I filled my seven tubes; the warmth was slow
To leave them, pressed inside my palm.  I’m sad
Because he doesn’t see my face.  Because
I can’t identify with him.  I hate
The fact that he’s my age, and that across
My skin he’s there, my blood-brother, my mate.
      
   
III

He said I was too nice, and after all
If Jodie Foster was a lesbian,
Then doctors could be queer.  Residual
Guilts tingled down my spine.  “OK, I’m done,"
I said as I withdrew the needle from
His back, and pressed.  The CSF was clear;
I never answered him.  That spot was framed
In sterile, paper drapes.  He was so near
Death, telling him seemed pointless.  Then, he died.
Unrecognizable to anyone
But me, he left my needles deep inside
His joking heart.  An autopsy was done.
      

IV

I’d read to him at night.
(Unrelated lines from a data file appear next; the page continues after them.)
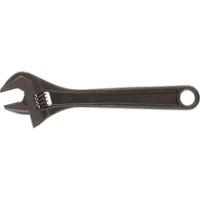 200Mm Adjustable Wrench Bahco - Black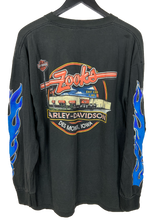 Load image into Gallery viewer, 1993 HARLEY DAVIDSON FLAMES LS TEE - XL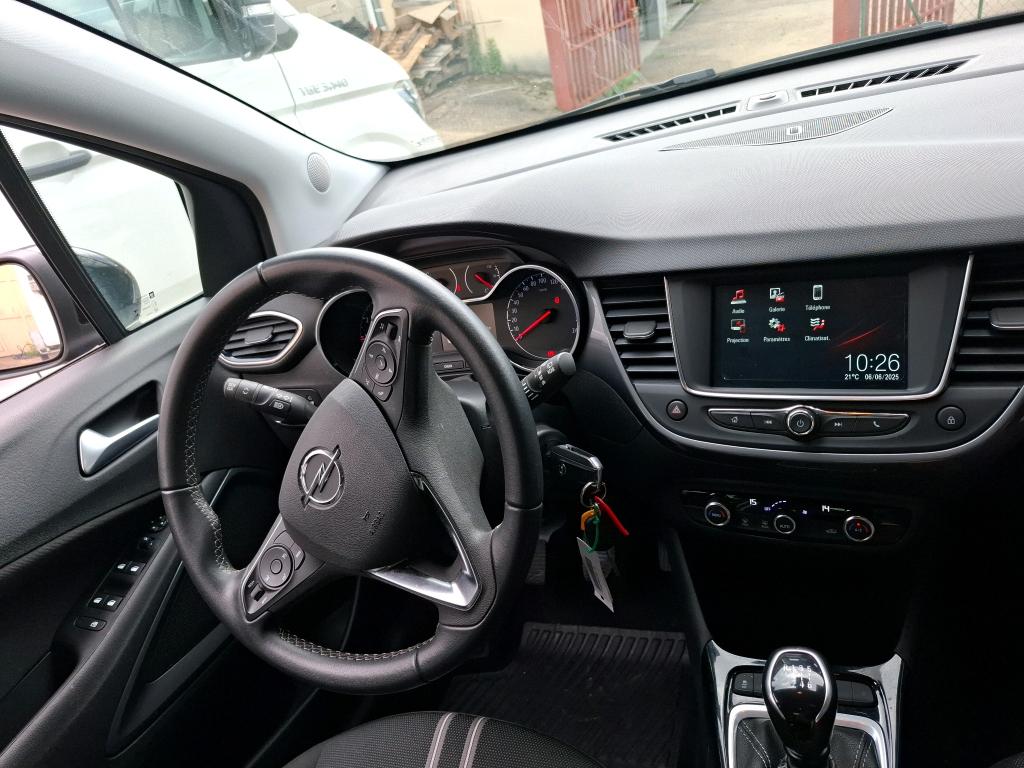 Opel Crossland 1.2 Turbo 110 ch BVM6 Elegance 2023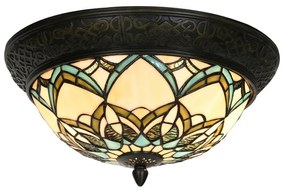 Stropnica stropná lampa Tiffany Ø37*19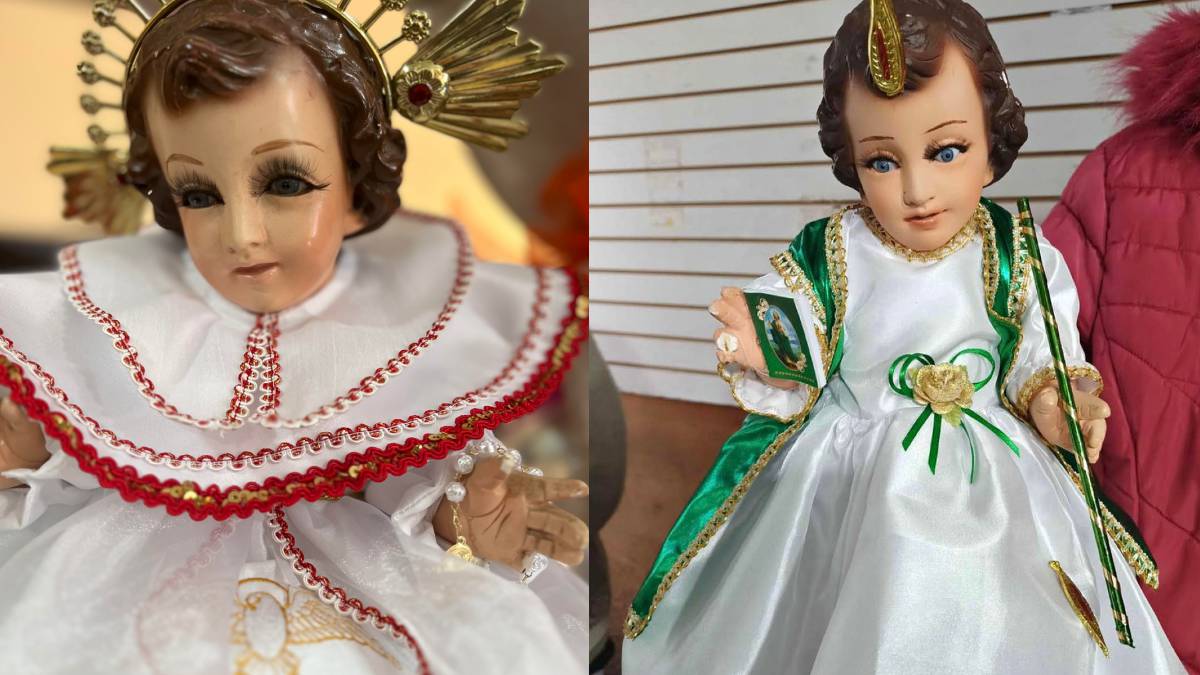 “Vestir al niño Dios”, una tradición que pierde fuerza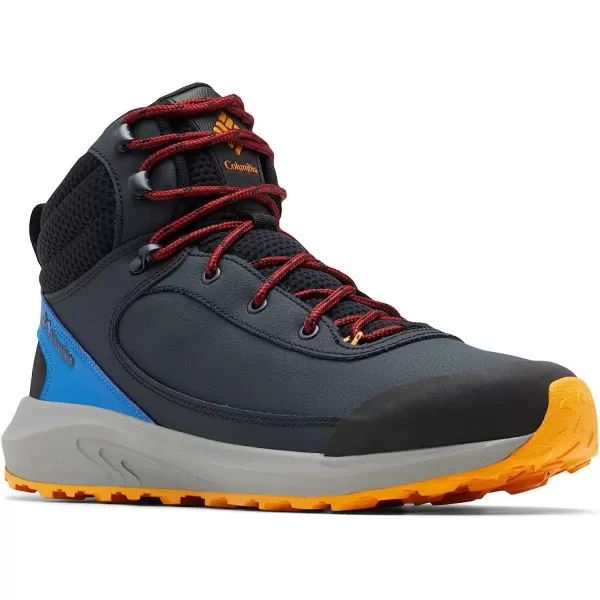 imageColumbia Mens Trailstorm Peak Mid Hiking ShoeExtreme MidnightBright Indigo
His horoscope,
The New York Times, The Advocate;
Some lines by Richard Howard gave us hope.
A quiet hospital is infinite,
The polished, ice-white floors, the darkened halls
That lead to almost anywhere, to death
Or ghostly, lighted Coke machines.  I call
To him one night, at home, asleep.  His breath,
I dreamed, had filled my lungs--his lips, my lips
Had touched.  I felt as though I’d touched a shrine.
Not disrespectfully, but in some lapse
Of concentration.  In a mirror shines

The distant moon.




Hospital Writing Workshop

Arriving late, my clinic having run
past 6 again, I realize I don’t
have cancer, don’t have HIV, like them,
these students who are patients, who I lead
in writing exercises, reading poems.
For them, this isn’t academic, it’s
reality:  I ask that they describe
an object right in front of them, to make
it come alive, and one writes about death,
her death, as if by just imagining
the softness of its skin, its panting rush
into her lap, that she might tame it; one
observes instead the love he lost, he’s there,
beside him in his gown and wheelchair,
together finally again.  I take
a good, long breath; we’re quiet as newborns.
The little conference room grows warm, and right
before my eyes, I see that what I thought
unspeakable was more than this, was hope.